--- Exercise aim ---
Please restate the entire listing verbatim.
>>>>
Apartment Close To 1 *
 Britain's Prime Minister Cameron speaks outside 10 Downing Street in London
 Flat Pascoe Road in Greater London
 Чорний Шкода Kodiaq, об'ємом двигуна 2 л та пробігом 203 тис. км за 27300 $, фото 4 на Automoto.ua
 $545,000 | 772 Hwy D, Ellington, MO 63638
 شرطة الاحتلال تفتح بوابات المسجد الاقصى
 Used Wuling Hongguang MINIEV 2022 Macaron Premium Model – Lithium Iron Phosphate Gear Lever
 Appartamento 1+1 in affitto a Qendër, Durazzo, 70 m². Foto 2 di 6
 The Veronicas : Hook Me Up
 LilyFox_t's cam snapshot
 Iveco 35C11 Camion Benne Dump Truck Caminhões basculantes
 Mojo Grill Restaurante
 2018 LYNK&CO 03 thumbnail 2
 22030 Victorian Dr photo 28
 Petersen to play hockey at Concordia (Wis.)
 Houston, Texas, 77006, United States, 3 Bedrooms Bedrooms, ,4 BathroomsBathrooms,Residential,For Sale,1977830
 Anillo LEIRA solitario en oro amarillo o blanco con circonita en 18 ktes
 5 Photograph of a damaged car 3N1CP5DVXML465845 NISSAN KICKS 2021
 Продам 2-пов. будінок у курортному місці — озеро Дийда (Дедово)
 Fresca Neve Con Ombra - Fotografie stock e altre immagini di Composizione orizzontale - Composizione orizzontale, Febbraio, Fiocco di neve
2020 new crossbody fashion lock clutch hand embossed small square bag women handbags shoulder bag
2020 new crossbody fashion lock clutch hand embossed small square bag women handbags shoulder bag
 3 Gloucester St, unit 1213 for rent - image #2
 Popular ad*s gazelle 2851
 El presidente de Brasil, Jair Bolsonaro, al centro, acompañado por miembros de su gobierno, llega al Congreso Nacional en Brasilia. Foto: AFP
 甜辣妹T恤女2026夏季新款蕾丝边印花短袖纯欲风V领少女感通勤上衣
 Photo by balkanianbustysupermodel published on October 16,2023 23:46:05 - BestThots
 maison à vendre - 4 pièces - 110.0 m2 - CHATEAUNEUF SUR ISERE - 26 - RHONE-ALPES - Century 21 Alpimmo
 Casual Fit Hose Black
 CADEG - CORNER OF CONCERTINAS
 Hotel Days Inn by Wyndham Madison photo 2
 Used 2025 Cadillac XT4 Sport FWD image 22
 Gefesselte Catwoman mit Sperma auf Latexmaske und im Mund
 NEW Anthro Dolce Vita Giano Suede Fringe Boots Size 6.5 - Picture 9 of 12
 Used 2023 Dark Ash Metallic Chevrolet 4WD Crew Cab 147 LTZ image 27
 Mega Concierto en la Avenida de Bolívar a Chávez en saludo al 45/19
<<<<
--- Written solution ---
Apartment Close To 1 *
 Britain's Prime Minister Cameron speaks outside 10 Downing Street in London
 Flat Pascoe Road in Greater London
 Чорний Шкода Kodiaq, об'ємом двигуна 2 л та пробігом 203 тис. км за 27300 $, фото 4 на Automoto.ua
 $545,000 | 772 Hwy D, Ellington, MO 63638
 شرطة الاحتلال تفتح بوابات المسجد الاقصى
 Used Wuling Hongguang MINIEV 2022 Macaron Premium Model – Lithium Iron Phosphate Gear Lever
 Appartamento 1+1 in affitto a Qendër, Durazzo, 70 m². Foto 2 di 6
 The Veronicas : Hook Me Up
 LilyFox_t's cam snapshot
 Iveco 35C11 Camion Benne Dump Truck Caminhões basculantes
 Mojo Grill Restaurante
 2018 LYNK&CO 03 thumbnail 2
 22030 Victorian Dr photo 28
 Petersen to play hockey at Concordia (Wis.)
 Houston, Texas, 77006, United States, 3 Bedrooms Bedrooms, ,4 BathroomsBathrooms,Residential,For Sale,1977830
 Anillo LEIRA solitario en oro amarillo o blanco con circonita en 18 ktes
 5 Photograph of a damaged car 3N1CP5DVXML465845 NISSAN KICKS 2021
 Продам 2-пов. будінок у курортному місці — озеро Дийда (Дедово)
 Fresca Neve Con Ombra - Fotografie stock e altre immagini di Composizione orizzontale - Composizione orizzontale, Febbraio, Fiocco di neve
2020 new crossbody fashion lock clutch hand embossed small square bag women handbags shoulder bag
2020 new crossbody fashion lock clutch hand embossed small square bag women handbags shoulder bag
 3 Gloucester St, unit 1213 for rent - image #2
 Popular ad*s gazelle 2851
 El presidente de Brasil, Jair Bolsonaro, al centro, acompañado por miembros de su gobierno, llega al Congreso Nacional en Brasilia. Foto: AFP
 甜辣妹T恤女2026夏季新款蕾丝边印花短袖纯欲风V领少女感通勤上衣
 Photo by balkanianbustysupermodel published on October 16,2023 23:46:05 - BestThots
 maison à vendre - 4 pièces - 110.0 m2 - CHATEAUNEUF SUR ISERE - 26 - RHONE-ALPES - Century 21 Alpimmo
 Casual Fit Hose Black
 CADEG - CORNER OF CONCERTINAS
 Hotel Days Inn by Wyndham Madison photo 2
 Used 2025 Cadillac XT4 Sport FWD image 22
 Gefesselte Catwoman mit Sperma auf Latexmaske und im Mund
 NEW Anthro Dolce Vita Giano Suede Fringe Boots Size 6.5 - Picture 9 of 12
 Used 2023 Dark Ash Metallic Chevrolet 4WD Crew Cab 147 LTZ image 27
 Mega Concierto en la Avenida de Bolívar a Chávez en saludo al 45/19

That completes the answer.